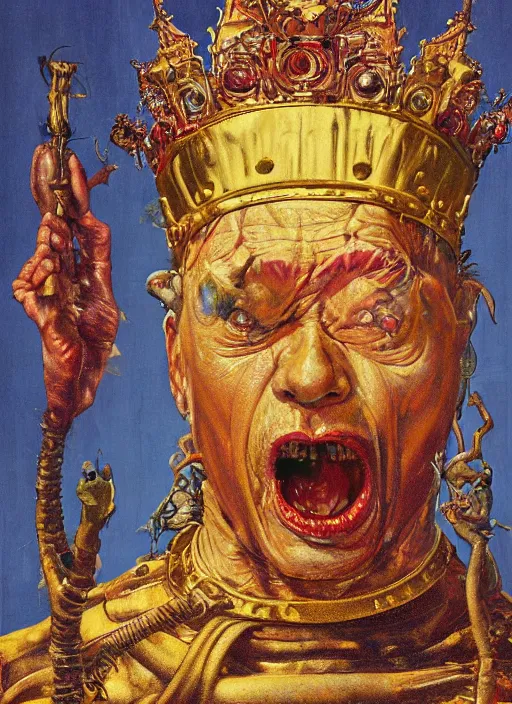 Prompt: realistic detailed image of crowned king on a golden throne in the style of Francis Bacon, Surreal, Norman Rockwell and James Jean, Greg Hildebrandt, and Mark Brooks, triadic color scheme, By Greg Rutkowski, in the style of Francis Bacon and Syd Mead and Edward Hopper and Norman Rockwell and Beksinski, open ceiling, highly detailed, painted by Francis Bacon, painted by James Gilleard, surrealism, airbrush, Ilya Kuvshinov, WLOP, Stanley Artgerm, very coherent, art by Takato Yamamoto and James Jean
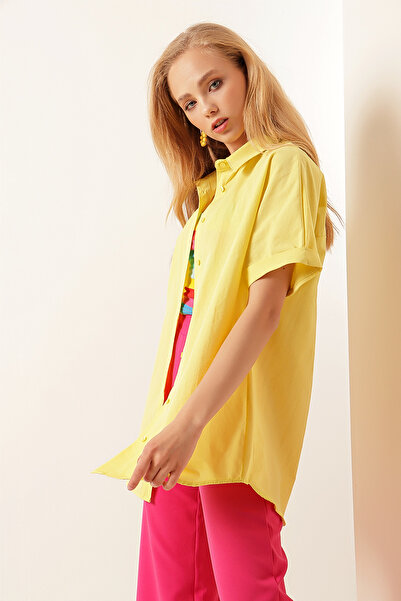 Bigdart 20120 Oversize Short Sleeve Shirt - Yellow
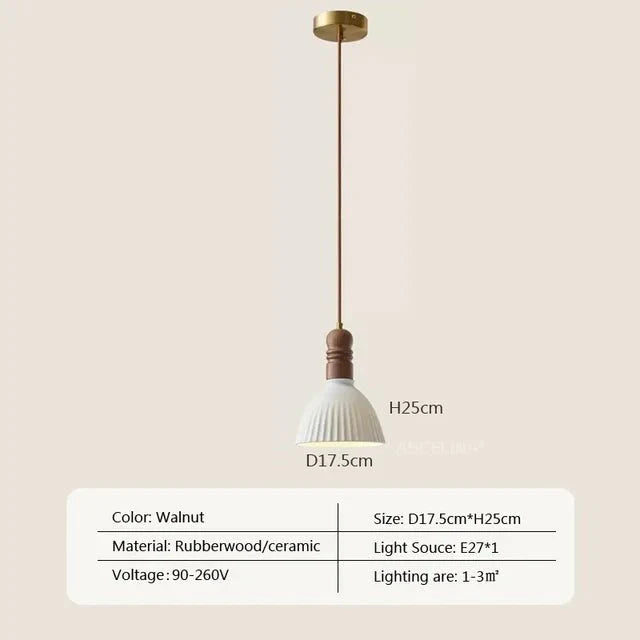 Cream Wood Pendant Lamp Scandinavian Natural Design | Solid Wood Look | E27 LED Compatible | Multiple Sizes Indoor Lighting
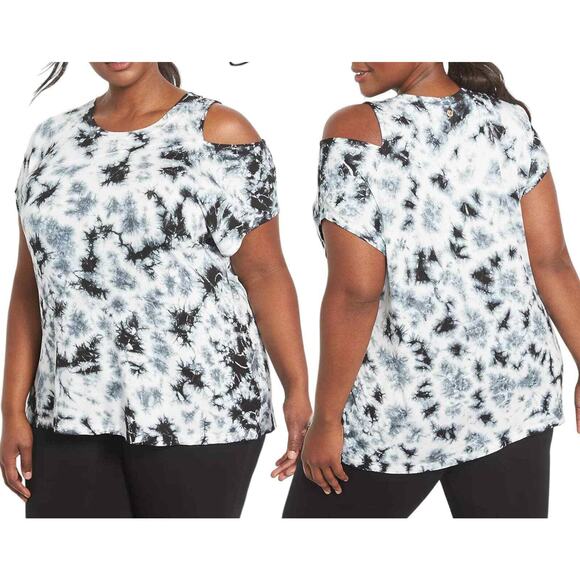 Livi Active Tops - NWT LIVI Active Lane Bryant Top Tee 14/16 Cutout Black White Tie Dye Jersey Knit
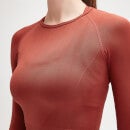 Damska krótka, bezszwowa koszulka z długim rękawem z kolekcji Shape MP – Burnt Red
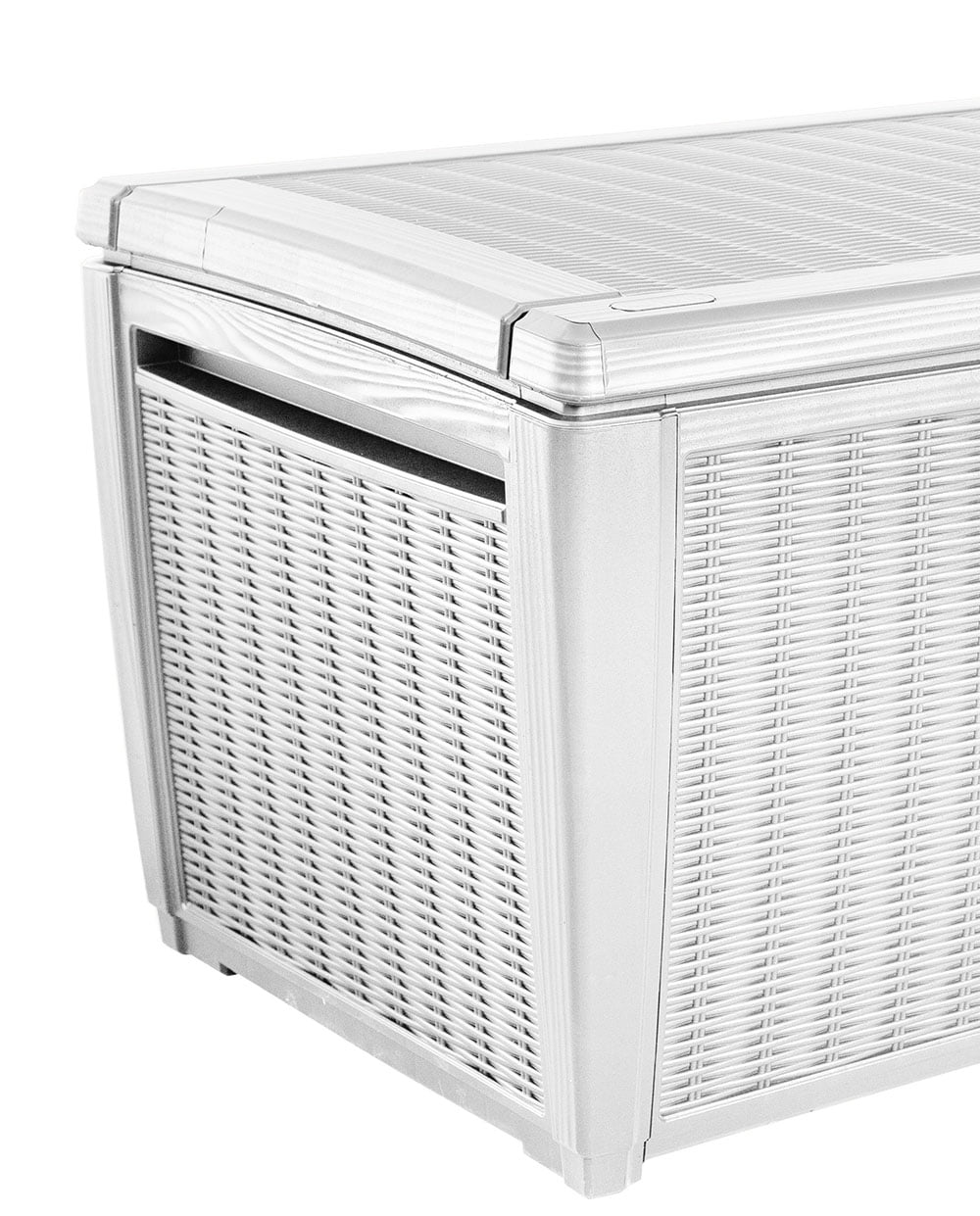 Keter Sumatra Rattan Style 135 Gallon Plastic, Resin and Wicker Deck Box, White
——
**Activity:** Skip all pictures. Copy exactly the lines from the one containing "Bigdart 20120 Oversize" through the end of the records, both ends included.

**Reply:**
 Bigdart 20120 Oversize Short Sleeve Shirt - Yellow
 Cream Wood Pendant Lamp Scandinavian Natural Design | Solid Wood Look | E27 LED Compatible | Multiple Sizes Indoor Lighting
 Livi Active Tops - NWT LIVI Active Lane Bryant Top Tee 14/16 Cutout Black White Tie Dye Jersey Knit
 Damska krótka, bezszwowa koszulka z długim rękawem z kolekcji Shape MP – Burnt Red
 Keter Sumatra Rattan Style 135 Gallon Plastic, Resin and Wicker Deck Box, White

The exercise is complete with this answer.